I agree that some new features in the data step seem not to fit the same mental model as older features. I think it is caused by the change from PL/I as the implementation language to C as the implementation language. The mindset just isn't the same.

>On the question of producing easily used and understood documentation, I >repeat a suggestion that I made several years ago on SAS-L. Replace the SAS >bowl at SUGI with teams from the SAS Institute. The audience would write >questions to locate some piece of information in the documentation. The >first team to locate the required information and prove that they found it >without using knowledge of the answer wins the question.

I suspect that would be rather boring to watch, as there would be many minutes spent watching people search web pages before giving up in defeat.

I don't think a decision has been made whether to have a SAS Bowl at the next SUGI. Feel free to write up a proposal and send it to the SAS-L BOF Committee. I suspect that SAS Institute would decline to participate, as there's too much likelihood of being embarassed.

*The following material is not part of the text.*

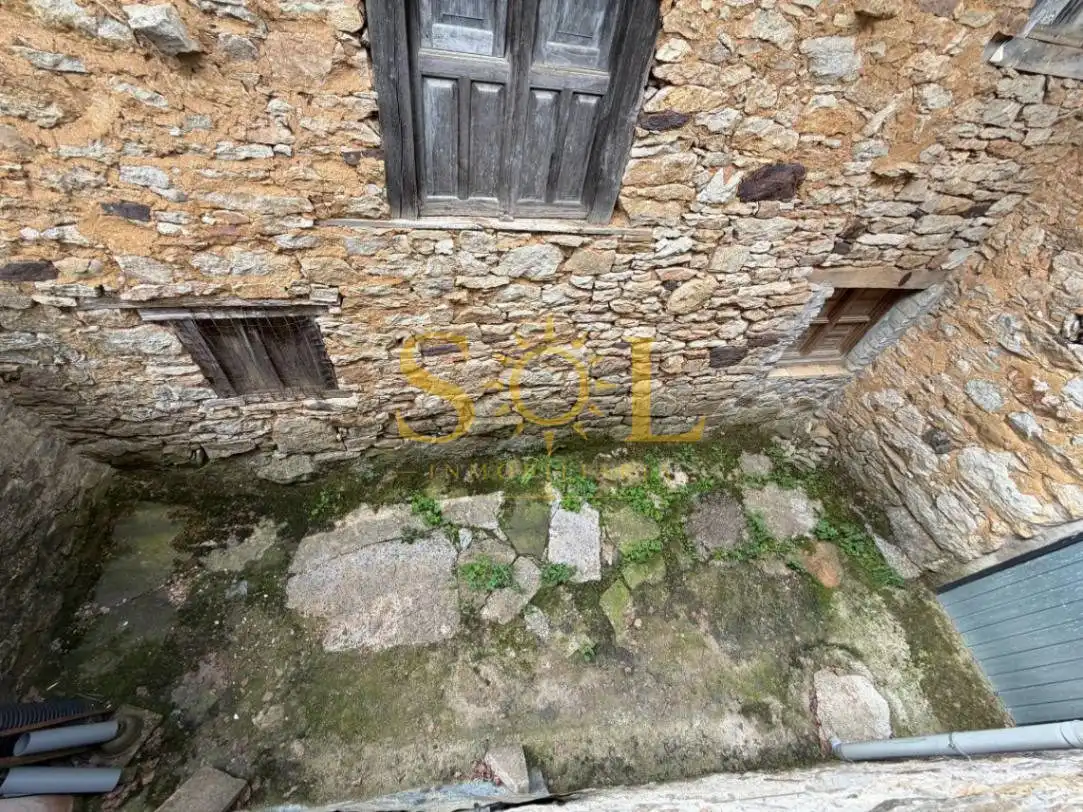Casa o xalet en venda en Los Barrios de Luna  amb Calefacció i Moblat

-- JackHamilton@FirstHealth.com Manager, Technical Development Metrics Department, First Health West Sacramento, California USA

>>> "Ian Whitlock" <WHITLOI1@WESTAT.com> 12/03/2003 11:59 AM >>> Jack,

The decision is not quite as arbitrary as you make it out. I think it was wisely made, but not so wisely documented in recent years. I think the 79 version of the manual was very clear about why one had both a function and a subroutine. As the language has grown in complexity, the documenters have lost sight of what and how communicate that language to the novice, in part, because of the volume of information that must be communicated.

Note that the common need is for one stream of random numbers, but there is also a need for the ability to provide separate streams. Now the question becomes how should those two objectives be achieved.

CALL RANUNI expects two arguments both of which must be variables. Hence the seed variable provides a place to store the next seed value. The function has only one argument. Hence the next seed has to be stored separately.

One could decide that each physical function call has it's own seed sequence, but that could make writing programs correctly much more awkward because the common desire to use one stream would now require the CALL form or links to a subroutine and tripping over variable names. Consider:

data w ; do obs = 1 to 50 ; x = ranuni ( 12345 ) ; y = ranuni ( 12345 ) ; output ; end ; run ;

How often do you think one would write code like this to mean X and Y should have values coming from independent streams?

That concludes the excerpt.